- Film poster
- Directed by: Akio Jissoji; Atsushi Kaneko; Hisayasu Satō; Suguru Takeuchi;
- Written by: Atsushi Kaneko; Akio Satsukawa; Suguru Takeuchi; Shirō Yumeno;
- Based on: Kagami jigoku, Mushi, Imomushi, and Kasei no unga by Edogawa Ranpo
- Starring: Tadanobu Asano; Mikako Ichikawa; Yumi Yoshiyuki; Ryuhei Matsuda; Hiroki Narimiya; Nao Ōmori; Yūko Daike;
- Music by: Saiko Ai; Kohei Aramaki; Ryoji Ikeda; Otomo Yoshihide;
- Release date: November 5, 2005 (Japan);
- Running time: 134 minutes
- Country: Japan
- Language: Japanese

= Rampo Noir =

Rampo Noir (乱歩地獄, Ranpo jigoku) is a 2005 Japanese anthology film consisting of four segments based on works by Edogawa Ranpo.

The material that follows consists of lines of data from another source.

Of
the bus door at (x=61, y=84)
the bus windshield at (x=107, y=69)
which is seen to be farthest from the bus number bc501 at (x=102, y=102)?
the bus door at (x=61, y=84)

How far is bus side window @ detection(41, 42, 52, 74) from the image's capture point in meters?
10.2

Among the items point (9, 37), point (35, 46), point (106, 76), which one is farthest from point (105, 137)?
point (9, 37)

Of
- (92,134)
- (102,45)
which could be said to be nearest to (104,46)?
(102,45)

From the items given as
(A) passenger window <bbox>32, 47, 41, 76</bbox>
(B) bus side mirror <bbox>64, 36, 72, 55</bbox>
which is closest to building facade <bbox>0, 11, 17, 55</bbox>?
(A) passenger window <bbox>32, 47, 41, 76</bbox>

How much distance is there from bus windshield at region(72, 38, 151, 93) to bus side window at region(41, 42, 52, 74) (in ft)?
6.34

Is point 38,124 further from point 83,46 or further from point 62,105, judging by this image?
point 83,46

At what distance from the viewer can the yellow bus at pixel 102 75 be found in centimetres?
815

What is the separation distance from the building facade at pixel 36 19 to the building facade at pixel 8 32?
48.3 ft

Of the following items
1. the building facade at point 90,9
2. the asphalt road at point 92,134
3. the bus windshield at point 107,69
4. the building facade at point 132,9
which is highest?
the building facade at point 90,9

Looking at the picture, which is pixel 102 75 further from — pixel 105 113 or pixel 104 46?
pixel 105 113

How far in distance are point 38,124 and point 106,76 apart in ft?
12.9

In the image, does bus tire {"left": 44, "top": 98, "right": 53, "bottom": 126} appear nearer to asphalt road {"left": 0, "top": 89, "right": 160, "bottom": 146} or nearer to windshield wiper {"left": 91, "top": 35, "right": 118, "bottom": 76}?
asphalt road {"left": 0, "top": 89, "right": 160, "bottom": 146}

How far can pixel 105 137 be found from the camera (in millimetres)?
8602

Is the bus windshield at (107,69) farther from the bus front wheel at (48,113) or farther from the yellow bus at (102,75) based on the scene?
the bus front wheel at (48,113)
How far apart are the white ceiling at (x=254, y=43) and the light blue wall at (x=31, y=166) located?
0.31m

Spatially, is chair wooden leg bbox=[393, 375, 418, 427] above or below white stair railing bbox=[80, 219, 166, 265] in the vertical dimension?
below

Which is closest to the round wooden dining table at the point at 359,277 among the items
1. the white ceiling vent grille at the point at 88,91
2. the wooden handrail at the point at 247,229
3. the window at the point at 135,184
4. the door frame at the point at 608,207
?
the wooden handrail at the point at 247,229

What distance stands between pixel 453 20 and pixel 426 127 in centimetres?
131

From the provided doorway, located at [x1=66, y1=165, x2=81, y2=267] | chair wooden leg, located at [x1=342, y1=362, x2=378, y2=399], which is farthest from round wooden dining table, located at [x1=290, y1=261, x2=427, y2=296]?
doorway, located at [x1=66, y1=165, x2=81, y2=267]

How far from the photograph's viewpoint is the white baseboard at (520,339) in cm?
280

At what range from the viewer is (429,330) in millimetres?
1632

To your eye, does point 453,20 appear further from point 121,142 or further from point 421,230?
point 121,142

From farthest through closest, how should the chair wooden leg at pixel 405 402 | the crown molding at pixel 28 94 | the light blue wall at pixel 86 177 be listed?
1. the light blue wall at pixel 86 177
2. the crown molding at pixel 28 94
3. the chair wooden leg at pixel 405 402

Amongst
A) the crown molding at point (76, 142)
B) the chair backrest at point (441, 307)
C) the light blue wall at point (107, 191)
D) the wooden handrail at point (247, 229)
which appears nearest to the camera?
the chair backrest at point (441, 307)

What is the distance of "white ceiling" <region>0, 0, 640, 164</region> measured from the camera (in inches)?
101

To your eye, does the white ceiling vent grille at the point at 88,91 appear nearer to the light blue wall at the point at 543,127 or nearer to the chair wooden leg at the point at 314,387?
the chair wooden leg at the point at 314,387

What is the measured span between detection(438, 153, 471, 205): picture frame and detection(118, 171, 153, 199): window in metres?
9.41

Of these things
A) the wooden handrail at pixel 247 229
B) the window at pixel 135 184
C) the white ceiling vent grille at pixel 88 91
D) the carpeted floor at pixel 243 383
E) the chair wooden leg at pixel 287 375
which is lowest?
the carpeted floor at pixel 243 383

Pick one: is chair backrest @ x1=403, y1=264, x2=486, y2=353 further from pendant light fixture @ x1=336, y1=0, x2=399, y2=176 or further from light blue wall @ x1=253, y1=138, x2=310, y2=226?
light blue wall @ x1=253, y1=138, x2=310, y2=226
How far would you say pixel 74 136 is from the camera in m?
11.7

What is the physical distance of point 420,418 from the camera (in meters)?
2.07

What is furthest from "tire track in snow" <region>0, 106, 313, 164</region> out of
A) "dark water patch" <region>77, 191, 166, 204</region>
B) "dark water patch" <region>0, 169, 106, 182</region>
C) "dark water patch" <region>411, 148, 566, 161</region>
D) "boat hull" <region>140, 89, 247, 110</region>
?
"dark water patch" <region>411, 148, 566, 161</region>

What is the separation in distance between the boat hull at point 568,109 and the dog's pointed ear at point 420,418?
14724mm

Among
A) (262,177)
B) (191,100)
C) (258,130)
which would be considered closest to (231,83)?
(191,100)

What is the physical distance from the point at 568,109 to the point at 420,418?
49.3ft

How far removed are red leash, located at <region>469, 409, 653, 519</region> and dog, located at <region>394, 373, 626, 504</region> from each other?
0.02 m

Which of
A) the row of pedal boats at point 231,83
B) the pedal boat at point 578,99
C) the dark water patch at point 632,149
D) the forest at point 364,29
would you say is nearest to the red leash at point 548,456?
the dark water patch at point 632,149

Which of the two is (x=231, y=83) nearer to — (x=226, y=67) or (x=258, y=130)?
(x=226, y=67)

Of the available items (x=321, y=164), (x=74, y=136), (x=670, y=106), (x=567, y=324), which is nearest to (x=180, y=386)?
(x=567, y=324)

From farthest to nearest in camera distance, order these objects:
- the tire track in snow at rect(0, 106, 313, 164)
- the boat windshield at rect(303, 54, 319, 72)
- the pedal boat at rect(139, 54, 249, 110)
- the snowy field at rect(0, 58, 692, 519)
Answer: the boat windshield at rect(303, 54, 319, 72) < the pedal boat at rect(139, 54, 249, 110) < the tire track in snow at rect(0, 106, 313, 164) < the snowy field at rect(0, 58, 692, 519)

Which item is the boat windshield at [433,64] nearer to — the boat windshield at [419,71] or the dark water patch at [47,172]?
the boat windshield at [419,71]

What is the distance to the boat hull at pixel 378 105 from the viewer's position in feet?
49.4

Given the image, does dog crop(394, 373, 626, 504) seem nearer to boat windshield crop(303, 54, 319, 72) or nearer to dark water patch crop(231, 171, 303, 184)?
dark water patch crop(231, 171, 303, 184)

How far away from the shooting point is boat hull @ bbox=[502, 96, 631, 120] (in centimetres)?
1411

The film was rereleased by Arrow Video in Blu-ray on January 7th, 2025.

==Synopsis==

===Mars Canal===
A story told without speaking. It tells the story of a naked man who wanders through a depressing and desolate landscape recalling memories of his former lover.

===Mirror Hell===
The story revolves around Ranpo's fictional detective Kogoro Akechi (played Tadanobu Asano), as he tries to find out why several women are being found dead with burnt faces and charred skulls. During his investigation, he finds an odd hand mirror at the scene that starts unraveling the mystery.

===Caterpillar===
A war hero returns home with severe injuries. He is deaf with no limbs and only his eyesight remaining. His beautiful wife, tired of taking care of him, turns to torturing him for her amusement.

===Crawling Bugs===
An actress is returning home from a successful night on stage, until her limo driver decides that she should be coming home with him.

== Reception ==
Variety wrote: "Sadism triumphs over atmosphere in Rampo Noir, a colorful but over-arty quartet of Japanese horror yarns."